C'est aujourd'hui votre anniversaire. Vous vous levez, un peu plus stimulé qu'à l'habitude. Il y a quelque chose de spécial dans vos yeux. Vous n'êtes plus un enfant, mais vous espérez quand même recevoir quelques délicates attentions de votre entourage, question de faire des provisions de tendresse pour les temps durs. Vous voulez ressentir le dixième de l'émotion vécue par Guylaine Tremblay quand elle remporte le trophée pour la personnalité de l'année au gala Artis. Pas à en pleurer, mais au moins à se sentir bien.

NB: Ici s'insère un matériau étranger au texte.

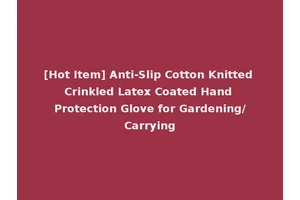 [Hot Item] Anti-Slip Cotton Knitted Crinkled Latex Coated Hand Protection Glove for Gardening/Carrying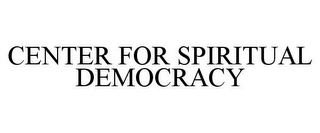 CENTER FOR SPIRITUAL DEMOCRACY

Vous buvez votre café. Toujours rien. Le téléphone ne sonne pas. Le facteur non plus. Même pas une fois. Vous vous demandez : qui va s'en souvenir, qui va l'oublier ?

Ne vous inquiétez pas, Facebook a pris votre anniversaire en mains. À 6 h 52, ce matin, Mark Zuckerberg a envoyé un courriel à tous vous amis : « Aidez Michel Bédard, Anick Laroche et 3 autres personnes à fêter leur anniversaire. » C'est reçu. Ils ne peuvent pas faire comme s'ils ne le savaient pas, ils le savent. Pour vous et les autres. Ils savent que c'est à votre tour de vous laisser parler d'amour. Ou plutôt de vous laisser écrire des messages d'amour. Alors ils se précipitent sur votre mur Facebook, avant de l'oublier. Et ils vous écrivent de gentils voeux...

Joyeux anniversaire le gros !

Bonne fête, bella !

Amuse-toi et fais le party !

Il y en a déjà une vingtaine d'affichés. Vous vous sentez important. Vous les lisez en souriant. En quelques secondes, c'est réglé. Vous publiez un nouveau statut : « Merci à tout le monde de penser à moi ! Bonne journée à vous aussi ! »

Vos amis plus intimes vous envoient des textos...

Je te souhaite une belle journée remplie de love !

Bonne fête ! Va falloir s'arranger pour se voir !

Happy birthday, le vieux !

Il y en a qui ajoutent des émoticônes de chapeaux pointus, de flûtes et de banderoles. C'est cute. En quelques secondes, c'est réglé, aussi. Vous êtes content. Tout le monde a pensé à vous. Alors pourquoi cette sensation de vide ? Comme s'il manquait quelque chose ?

Tout ce débordement d'affection s'est fait dans le silence total. Pas un son. Que des caractères défilant sur un écran.

Avant, les gens vous appelaient à votre anniversaire. Ça commençait par l'appel de votre mère, et puis il y en avait des dizaines d'autres. Vos meilleurs amis et vos vieilles connaissances, celles qui sont passées dans votre vie, le temps d'une escale, mais dont le souvenir est précieux.

Ça vous occupait une bonne partie de l'avant-midi. Vous donniez et preniez des nouvelles. Échangiez des rires et des souvenirs. Et surtout, il n'y avait pas deux appels pareils. Chacun avait l'empreinte de la voix unique de son appelant. « Hello », quand c'est Adèle qui le dit, c'est pas comme quand c'est Lionel Richie. Quand on le lit, oui. Vous avez beau lire 50 fois « joyeux anniversaire » sur votre page Facebook, ils se ressemblent tous.

Le téléphone est une invention d'un autre siècle, mais elle demeure la plus révolutionnaire. Elle permet de parler directement à quelqu'un, d'être dans sa vie, en même temps, d'entendre sa respiration et ses émotions. L'écriture aussi, c'est génial. Ce n'est pas moi qui vais dire le contraire. On peut dévoiler son âme ou faire partager des réflexions, dresser des listes et donner des informations.

Les messageries écrites sont le véhicule des grandes confidences ou des mémos rapides. C'est aujourd'hui notre façon de communiquer. Regardez les gens dans le métro, sur les terrasses, dans les salles d'attente, ils sont tous au téléphone. Pas pour se parler. Pour s'écrire. Ils ont la bouche fermée et les doigts qui gambadent.

C'est bien. Mais un matin d'anniversaire, si vous voulez vraiment surprendre un ami, appelez-le !

Ça va le sortir du quotidien et lui démontrer que cette journée est spéciale. Pas juste pour lui. Pour vous aussi.

En passant, note à Facebook, on n'aide pas son ami à fêter son anniversaire. On aide son ami à déménager, à peinturer son logement, à se trouver un emploi. Dans l'action d'aider, il y a la notion d'une personne dans le besoin à qui l'on porte assistance. Le jubilaire n'est pas dans le besoin. Lui souhaiter joyeux anniversaire n'est pas un service qu'on lui rend, au contraire, c'est un prétexte, pour lui dire ce qu'on devrait lui dire, tous les jours, et qui fait du bien autant à celui qui le dit qu'à celui qui l'entend : je t'aime.